Cuando vivía en la ciudad, algunos olores del campo quebraban mi ideario bucólico; los del estiércol, la paja y el abono me parecían desagradables, más aún que aquellos tan citadinos como el de los túneles, la tierra podrida bajo los adoquines y el excremento humano.

Pero ahora cuando vamos a la ciudad, sus hedores me parecen más pugnaces.

Verás, durante 9 meses al año la planta baja de nuestro edificio huele a mierda de vaca. Dado que la granja que tenemos al lado no se iría a ninguna parte, fui pasando del asco a la indiferencia.
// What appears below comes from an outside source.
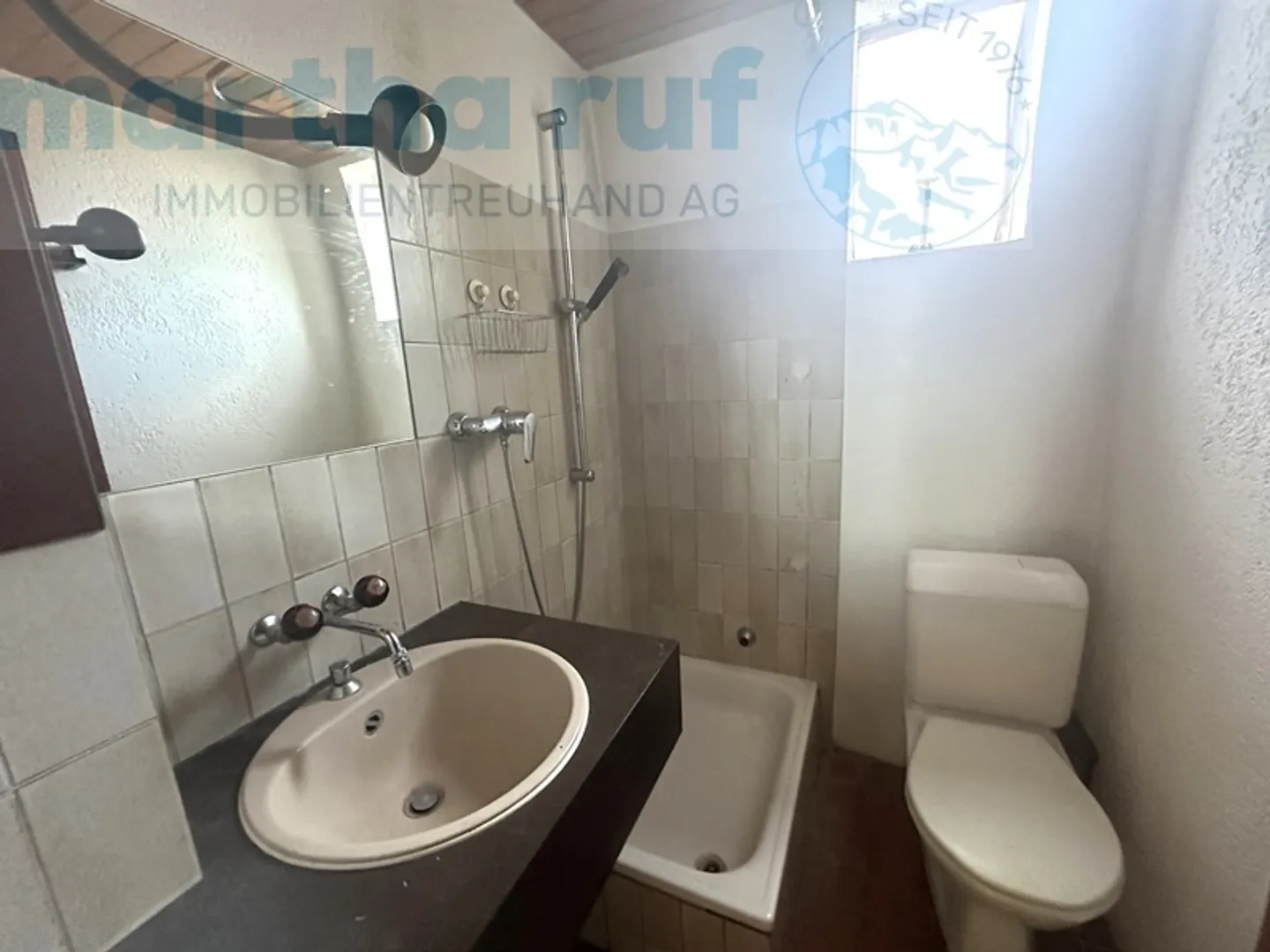 Zentral und sonnig gelegenes 3-Familienhaus mit viel Potenzial - Foto 18 von 23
La semana pasada, mientras caminaba por el pueblo, envuelto en un aroma particularmente recio, me sorprendí pensando que comienzo a asociar ese olor con una vida menos complicada, llena de amor en los lugares correctos, alejada de las angustias citadinas, una vida extramurana, pacífica, deseable, “normal”, ¿quizás con mascotas? —en algunas mañanas de invierno pienso que me vendría bien un Labrador negro con el que profanar aletargadamente la perfección de un campo nevado, vistiendo una cazadora marrón y curtida.

A medida que nos alejamos del mundo y sus noticieros, este lugar y yo nos acercamos, y es así como el estiércol y su olor se han transmutado en privilegio.